Organised crime groups have penetrated law enforcement bodies, and authorities are helpless to fight back due to restrictive data privacy legislation, according to the Australian Crime Commission (ACC) chief executive, John Lawler.
In a keynote speech at the International Serious and Organised Crime Conference in Melbourne last week, Lawler admitted that organised crime groups had penetrated law enforcement systems in the past, including those of the ACC.
“We have examples of where that has unfortunately occured, both in our key sectors but also within law enforcement and within the ACC and its predecessors,” he said.
“They will have done their risk mitigation strategies and indeed if they have trusted insiders or internal facilitators or people that would act corruptly, including from within law enforcement, that would be seen as a great prize.”
The ACC has worked with other law enforcement bodies in Australia to reduce this risk by updating its ICT systems and governance structures, but he admits that more needs to be done.
“We’ve also done some very good work with our board in ensuring some of our ICT, gateways and mechanisms for protecting that infrastructure from deliberate targeting from organised crime and others, is the best we can have it," he said.
He said one area where law enforcement is hampered is by the limited ability to share information across agencies and departments because of privacy legislation, a disability exploited by organised crime groups.
“I would argue it is exactly these safeguards that provide the unforeseen edge for organised criminality,” he said. “They know that law enforcement can't have the full picture, they know we can't access all the disparate personal information in government data management systems across the country.
“They know this hampers our ability to connect the dots, see the trend to analyse and provide the lifeblood for wide-ranging investigations and they leverage off this.”
However, he said the lack of information available could addressed by work being done in the Attorney-General Department, which is exploring the possibility of developing a website for victims to report cyber attacks.
This information is invaluable for fighting cyber crime but it is usually reported to online vendors such as eBay who are not required to pass it onto the authorities, he said.
"We want them to report these instances, we want that information and we need that data," he said.
“Where you have a bulk crime, the actual reporting of that crime and how it gets responded to and the expectations of the victim, are all things that need to be managed."
It wasn’t clear whether the information would be used to assemble statistics on cyber crime trends or used to inform investigations, he said.
"There will be some reports that come in and necessitate and require an investigative response and some will be used for statistical analysis used to inform the regulatory, policy and legislative frameworks.
"Most importantly the data will be used to identify preventative strategies and put those in place."
Problems with cyber crime statistics and data also extends to the vast amount of security research and information published by corporations, organisations and governments, according to Australian Institute of Criminology Senior research analyst, Dr Kim-Kwang Raymond Choo.

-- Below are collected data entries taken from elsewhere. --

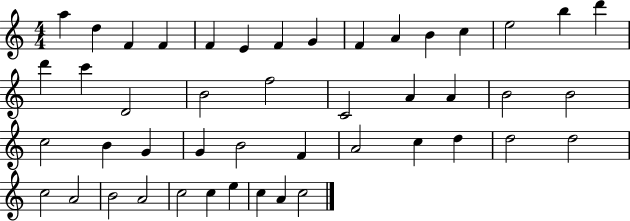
X:1
T:Untitled
M:4/4
L:1/4
K:C
a d F F F E F G F A B c e2 b d' d' c' D2 B2 f2 C2 A A B2 B2 c2 B G G B2 F A2 c d d2 d2 c2 A2 B2 A2 c2 c e c A c2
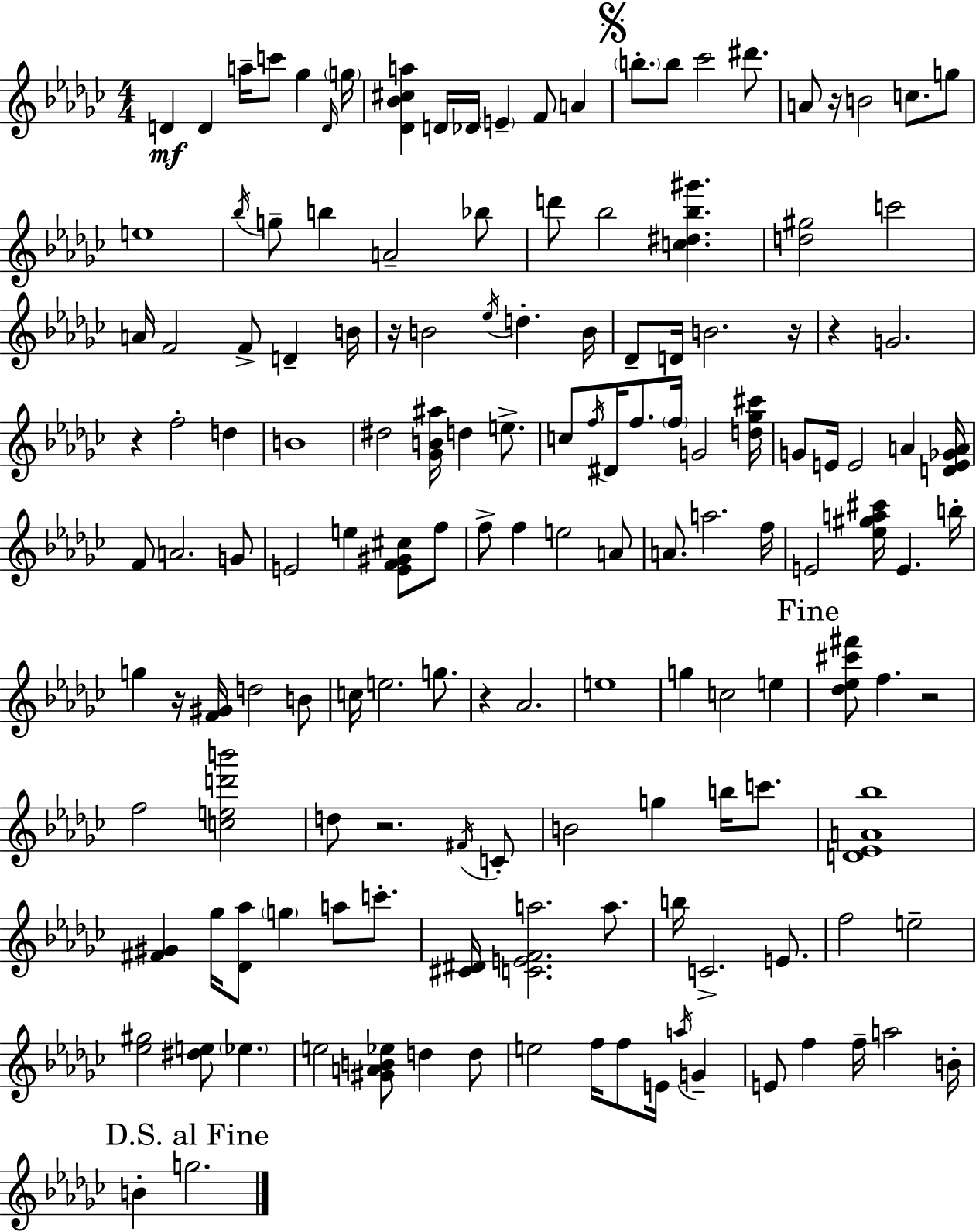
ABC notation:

X:1
T:Untitled
M:4/4
L:1/4
K:Ebm
D D a/4 c'/2 _g D/4 g/4 [_D_B^ca] D/4 _D/4 E F/2 A b/2 b/2 _c'2 ^d'/2 A/2 z/4 B2 c/2 g/2 e4 _b/4 g/2 b A2 _b/2 d'/2 _b2 [c^d_b^g'] [d^g]2 c'2 A/4 F2 F/2 D B/4 z/4 B2 _e/4 d B/4 _D/2 D/4 B2 z/4 z G2 z f2 d B4 ^d2 [_GB^a]/4 d e/2 c/2 f/4 ^D/4 f/2 f/4 G2 [d_g^c']/4 G/2 E/4 E2 A [DE_GA]/4 F/2 A2 G/2 E2 e [EF^G^c]/2 f/2 f/2 f e2 A/2 A/2 a2 f/4 E2 [_e^ga^c']/4 E b/4 g z/4 [F^G]/4 d2 B/2 c/4 e2 g/2 z _A2 e4 g c2 e [_d_e^c'^f']/2 f z2 f2 [ced'b']2 d/2 z2 ^F/4 C/2 B2 g b/4 c'/2 [D_EA_b]4 [^F^G] _g/4 [_D_a]/2 g a/2 c'/2 [^C^D]/4 [CEFa]2 a/2 b/4 C2 E/2 f2 e2 [_e^g]2 [^de]/2 _e e2 [^GAB_e]/2 d d/2 e2 f/4 f/2 E/4 a/4 G E/2 f f/4 a2 B/4 B g2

Choo said the data released by companies contains different definitions and cover different aspects of cyber crime, which makes it difficult for researchers and agencies to properly identify the emerging trends.
“Different reports put out by different organisations or companies, for example the Australian Bureau of Statistics have a national personal fraud survey that was just released, IBM release one once every quarter or half year, Symantec as well, Microsoft, have their own as well; you name it, you have it.
“One thing if you realise after going through all these different reports, they have different definitions and cover different aspects of cyber crime. Not that there's anything wrong in that.
“If we have a more consistent way of collecting the data, we can compare it in a more consistent and meaningful way.”
He said that a standard approach to producing and distributing data would help to put the information in a more meaningful context and allow governments and organisations to better respond to problems.
“The cyber security landscape is changing so fast, as researchers you find it difficult to keep track of what's going on. If we have a more complete picture of the cyber trend landscape, it will help us to formulate our responses and to drive out measures for educational advice."
Lawler and Choo also used their respective keynotes at the conference to warn of legislative gaps when fighting against cyber attacks on data held in cloud-based services.